Answer: has no impact on the overall holdings of financial assets held by the non-government sector $-for-$.

Explanation

The answer is Option (b) has no impact on the overall holdings of assets held by the non-government sector $-for-$.

The answer to this question is complementary to the answer in Question 3.

The fundamental principles that arise in a fiat monetary system are as follows.

National governments have cash operating accounts with their central bank. The specific arrangements vary by country but the principle remains the same.

When the government spends it debits these accounts and credits various bank accounts within the commercial banking system.

Deposits thus show up in a number of commercial banks as a reflection of the spending.

It may issue a cheque and post it to someone in the private sector whereupon that person will deposit the cheque at their bank.

It is the same effect as if it had have all been done electronically.

All federal spending happens like this. You will note that:

All the commercial banks maintain reserve accounts with the central bank within their system.

These accounts permit reserves to be managed and allows the clearing system to operate smoothly.

The rules that operate on these accounts in different countries vary (that is, some nations have minimum reserves others do not etc).

For financial stability, these reserve accounts always have to have positive balances at the end of each day, although during the day a particular bank might be in surplus or deficit, depending on the pattern of the cash inflows and outflows.

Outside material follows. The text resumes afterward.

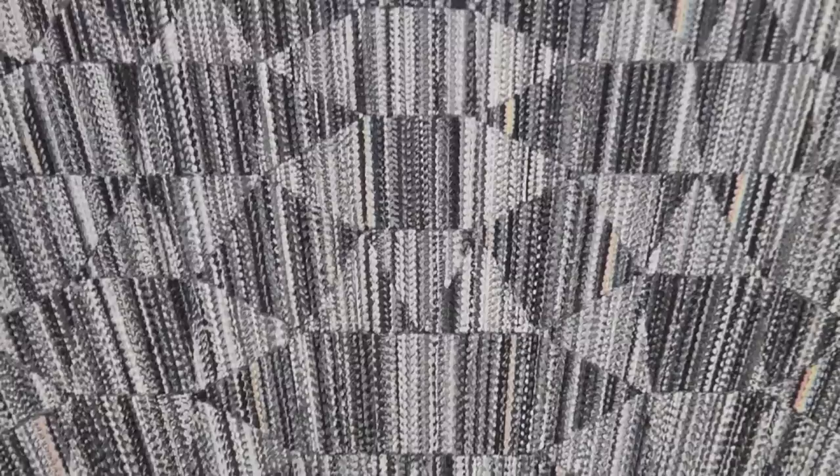I always wanted to create work that was painting but also had a certain warmth to it, and often I associated that warmth with textiles. So I kind of wanted to play with the abstract notion of textiles.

There is no reason to assume that these flows will exactly offset themselves for any particular bank at any particular time.

The central bank conducts "operations" to manage the liquidity in the banking system such that short-term interest rates match the official target - which defines the current monetary policy stance.

The central bank may: (a) Intervene into the interbank (overnight) money market to manage the daily supply of and demand for reserve funds; (b) buy certain financial assets at discounted rates from commercial banks; and (c) impose penal lending rates on banks who require urgent funds.

In practice, most of the liquidity management is achieved through (a).

That being said, central bank operations function to offset operating factors in the system by altering the composition of reserves, cash, and securities, and do not alter net financial assets of the non-government sectors.

Fiscal policy impacts on bank reserves - government spending (G) adds to reserves and taxes (T) drains them. So on any particular day, if G > T (a fiscal deficit) then reserves are rising overall.

Any particular bank might be short of reserves but overall the sum of the bank reserves are in excess.

It is in the commercial banks interests to try to eliminate any unneeded reserves each night given they usually earn a non-competitive return.

Surplus banks will try to loan their excess reserves on the Interbank market.

Some deficit banks will clearly be interested in these loans to shore up their position and avoid going to the discount window that the central bank offeres and which is more expensive.

The upshot, however, is that the competition between the surplus banks to shed their excess reserves drives the short-term interest rate down.

These transactions net to zero (a equal liability and asset are created each time) and so non-government banking system cannot by itself (conducting horizontal transactions between commercial banks - that is, borrowing and lending on the interbank market) eliminate a system-wide excess of reserves that the fiscal deficit created.

What is needed is a vertical transaction - that is, an interaction between the government and non-government sector. So bond sales can drain reserves by offering the banks an attractive interest-bearing security (government debt) which it can purchase to eliminate its excess reserves.

However, the vertical transaction just offers portfolio choice for the non-government sector rather than changing the holding of financial assets.

Option (a) "increases the assets that are held by the non-government sector $-for-$" is thus incorrect.

Option (c) "reduces the capacity of the private sector to borrow from banks because they use their deposits to buy the bonds" is clearly not correct.

This is based on the erroneous belief that the banks need deposits and reserves before they can lend. Mainstream macroeconomics wrongly asserts that banks only lend if they have prior reserves.

The illusion is that a bank is an institution that accepts deposits to build up reserves and then on-lends them at a margin to make money.

The conceptualisation suggests that if it doesn't have adequate reserves then it cannot lend. So the presupposition is that by adding to bank reserves, quantitative easing will help lending.

But this is a completely incorrect depiction of how banks operate.

Bank lending is not "reserve constrained".

Banks lend to any credit worthy customer they can find and then worry about their reserve positions afterwards.

If they are short of reserves (their reserve accounts have to be in positive balance each day and in some countries central banks require certain ratios to be maintained) then they borrow from each other in the interbank market or, ultimately, they will borrow from the central bank through the so-called discount window.

They are reluctant to use the latter facility because it carries a penalty (higher interest cost).

The point is that building bank reserves will not increase the bank's capacity to lend. Loans create deposits which generate reserves.